If you designed from scratch without reference to a known-good amp plan, you'd have to make more reference to tube data sheets to verify the tube can do what you want.
So how does Sunn double output power when going from the 200s to the 2000s? B+ stays basically the same, so you know maximum possible plate voltage swing is unchanged. That means we have to double current swing.
You can't change current directly in any electrical circuit; you can only increase voltage or decrease resistance to cause a current increase. Sunn kept voltage the same (B+ is basically-same), so we know they must have reduced resistance. In fact, what they did was halve the OT primary impedance to allow double-current with the same plate voltage swing.
That double-current is probably more than the original output tube pair can handle, because it would have been uneconomical to run them at half-capacity in the 200s.
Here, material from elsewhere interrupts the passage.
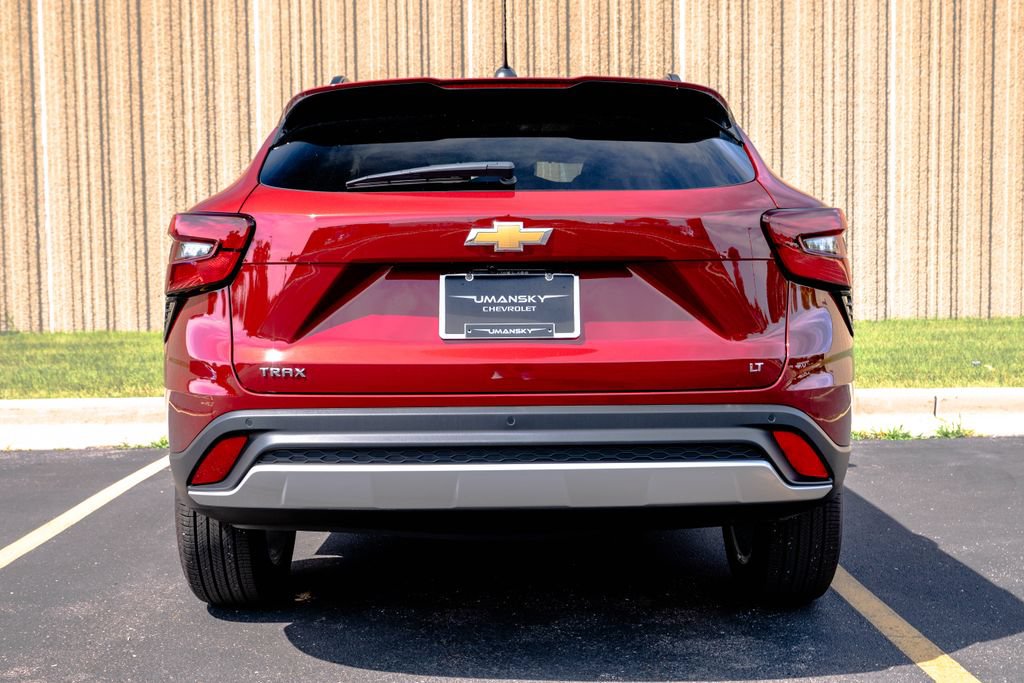 Certified 2025 Chevrolet Trax LT w/ Driver Confidence Package FWD image 8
So tubes were doubled to pass the double-current needed.
The PT needs to be able to supply double-current as well, so the high voltage winding in the 2000s would be up-rated to accommodate this as well.
Therefore, we see that without a major topology (or operating class) change, getting more output power with similar B+ voltage requires:
1. Half primary impedance to allow double-current with the given plate voltage swing.
2. Doubling of the same-tube type, or upgrading to a doubly-capable tube type.
3. Doubling of PT high voltage current capacity.
In other amps, there might be a slightly different path for increasing output power, but it will always come down to possible voltage swing due to B+, possible current swing due to OT primary impedance, possible current swing of output tubes, available current output of the PT.
If you made it this far, here's a visual to help remember:
You're a farmer and want to pump more water to irrigate your fields. Your system consists of a water reservoir (PT), pipes (OT primary impedance and tubes) and a pump (B+; plate voltage swing).
To get more water to the fields, you decide to install bigger pipes (either bigger tubes, more tubes, or lower OT primary impedance). But you don't get any more water to the field. Why?
You have bigger pipes to carry more gallons-per-minute, but your pump pushes the same gallons-per-minute it always did. So you get a bigger pump (more B+ voltage). More water, right?
Nope... Now you drain your reservoir faster, and simply don't have enough available water to pump at the higher rate.
So you need all the pieces to pump more water to the field, and more watts to the speaker.